- Record excerpts:
>>>>

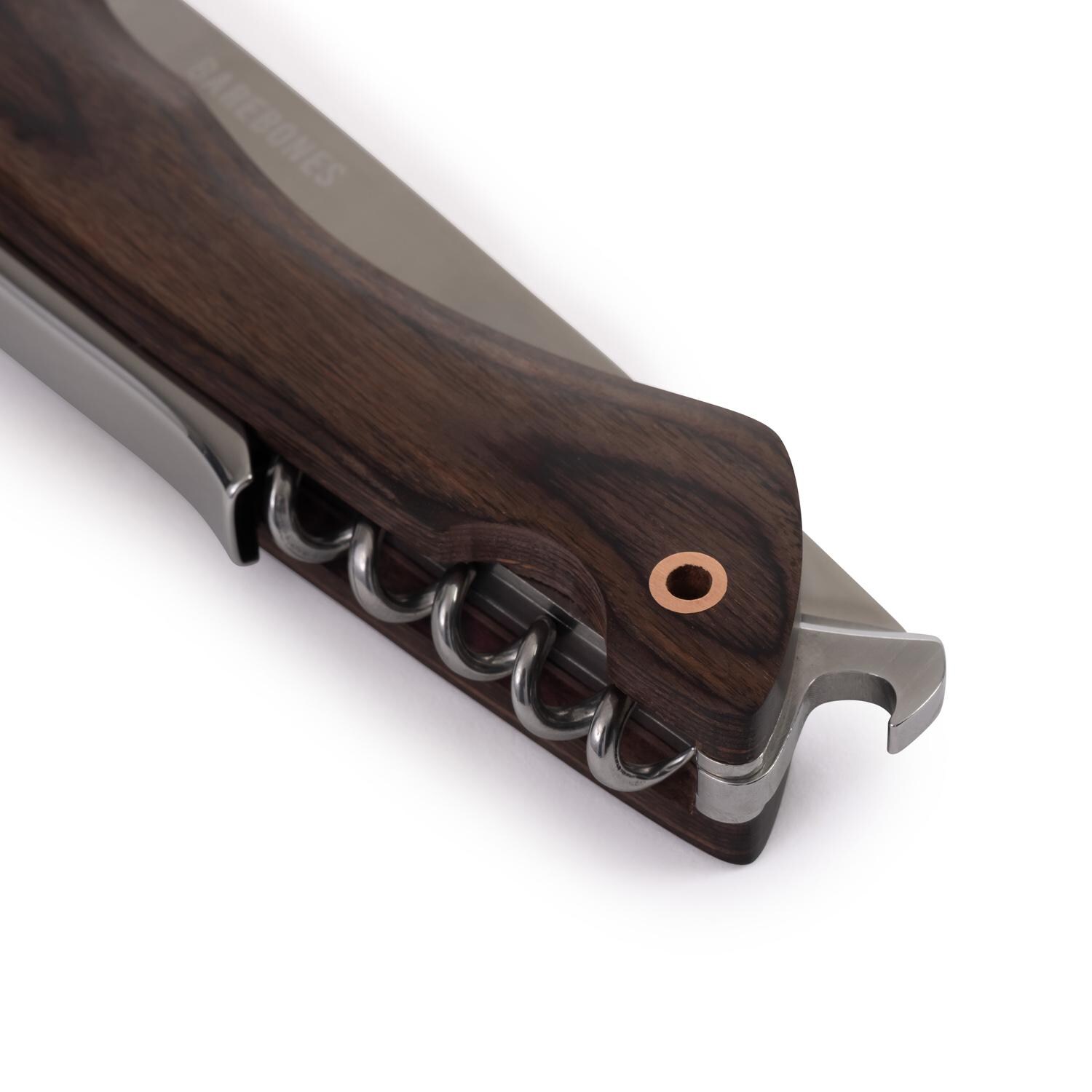Barebones Living CKW-363 Provisions Corkscrew Knife - Corkscrew Side Detail thumbnail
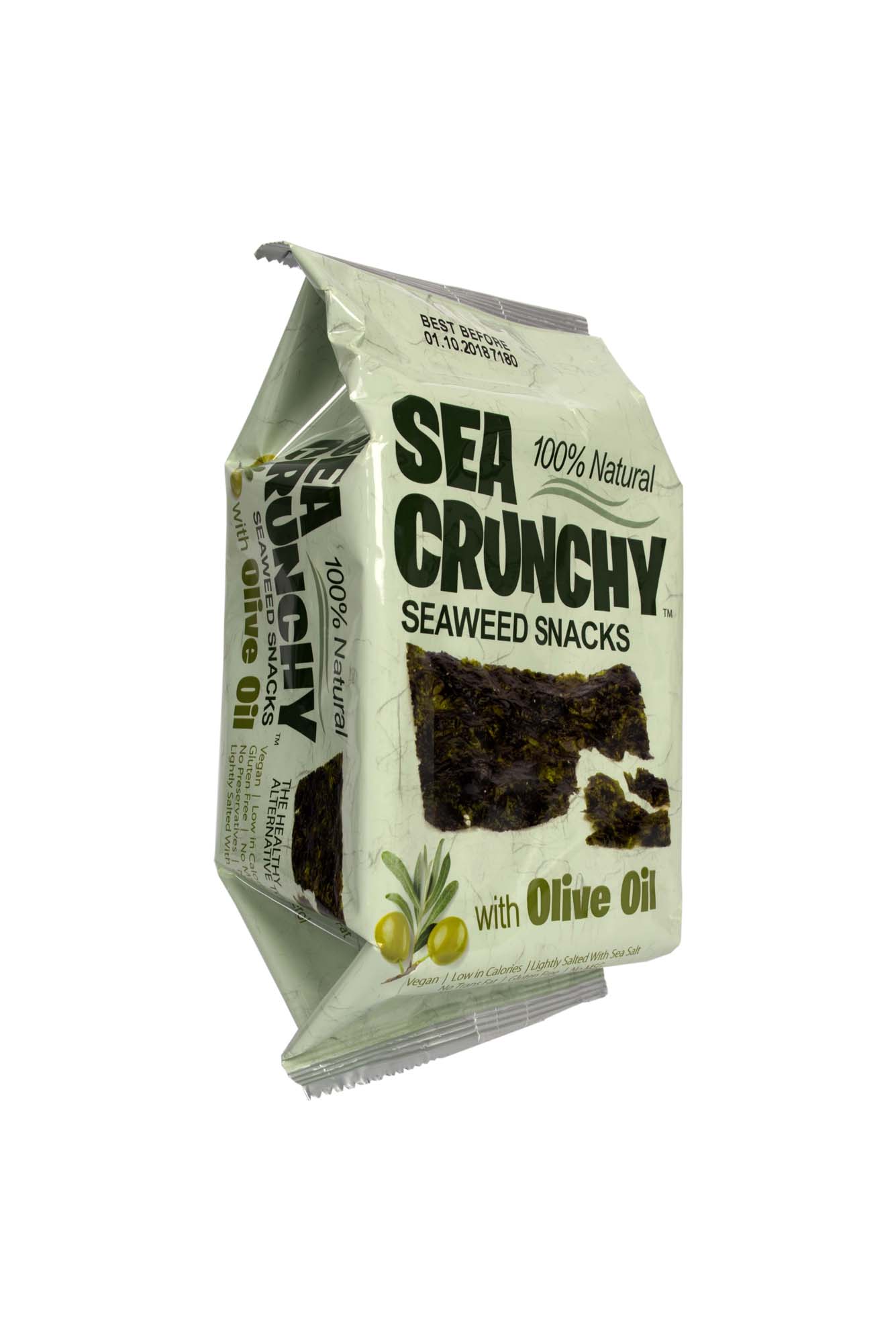Nori seaweed snack olive oil 10 g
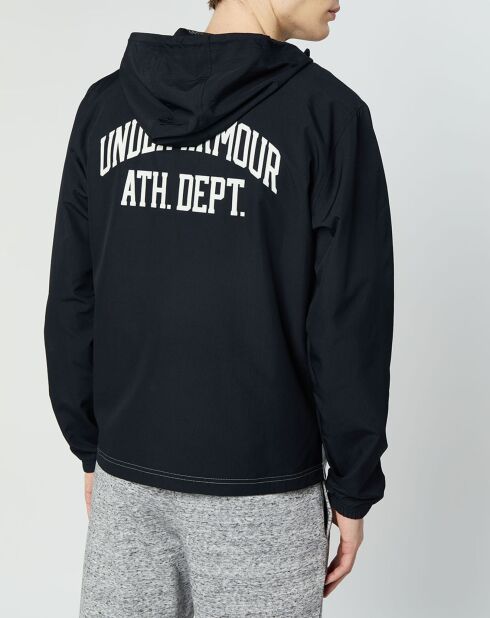 Coupe Vent Athletique noir/blanc/rouge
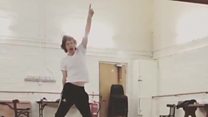 Moves like Jagger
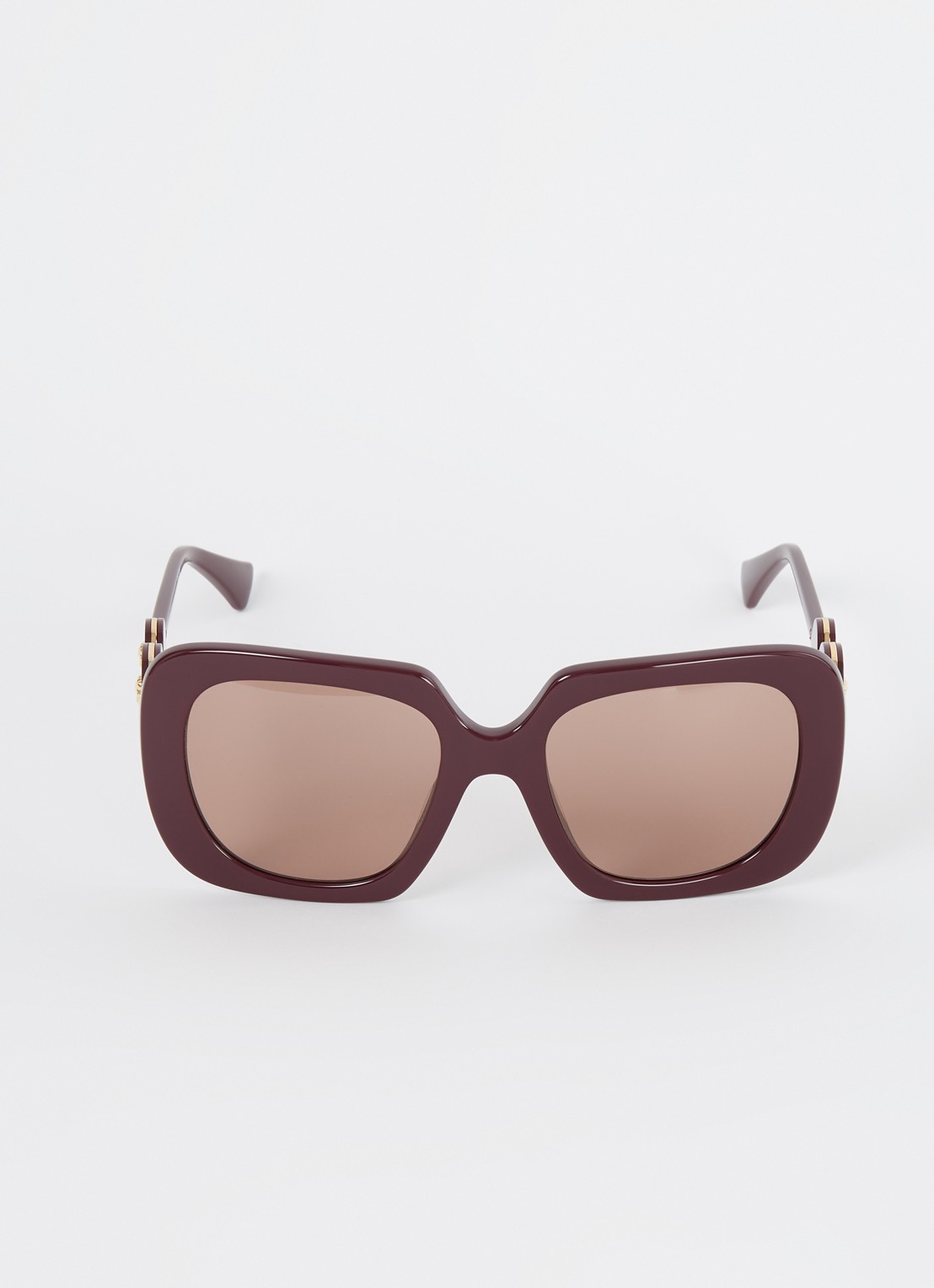 Versace Butterfly zonnebril VE4434  - voorkant 2 aubergine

<<<<

Although the records above contain pictures, only their text is to be repeated, exactly as given.

- Output of the exercise:
Barebones Living CKW-363 Provisions Corkscrew Knife - Corkscrew Side Detail thumbnail
Nori seaweed snack olive oil 10 g
 Coupe Vent Athletique noir/blanc/rouge
 Moves like Jagger
 Versace Butterfly zonnebril VE4434  - voorkant 2 aubergine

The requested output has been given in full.